Fallen Angel

Do you think I made you up inside my head? Were you real, ever?

Does that matter, my being real or not? You were still you and that is what matters. I could be soil or air, how would you see me any different.

I thought we had it good, I thought this was it, I never thought you could do that to me.

You don’t know, you can’t say for sure. Don’t be so judgmental, you don’t know where I have been. You were always like this, always wanting to be on top of the situation, always wanting to be the good guy. You don’t get everything in life, if you truly did want me, you would have acted differently.

How could I, you made a fool of me, you had me cornered like a little girl, why would you do that? Why didn’t I see it coming! I should have known. I was too naïve to believe something so good could happen to me. It had to be this way, Of Course. I showed my hand to a Palmist, I could see in her eyes, she pitied me. You made me believe otherwise, but it was all my fault.
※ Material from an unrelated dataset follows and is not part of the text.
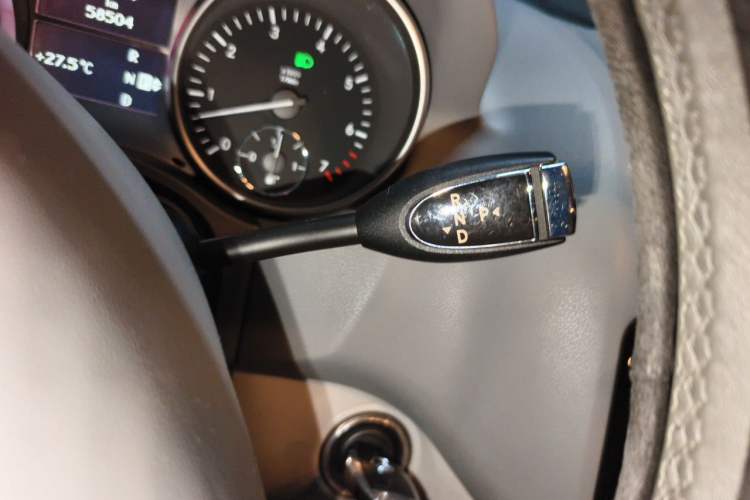 Used Mercedes-Benz M-Class 2010 ML 300 4MATIC Gear Lever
I couldn’t say anything to you. I cared for you. I felt responsible for you. I couldn’t do it, how could I!

You would do anything for him, wouldn’t you? You would trade your life for him? You would rip my head off for him. You see, I can do the same for you. You see, he can’t feel for you like that. He might feel he does, but he doesn’t. Does it even get better!

Don’t do it to yourself, don’t hurt yourself so bad, this is too much.

Too much? How can anything be too much? Did you not hear a word I said? I am writing our names on every inch of this Earth, like Satan did. I am too proud to humble myself, I can’t let you go.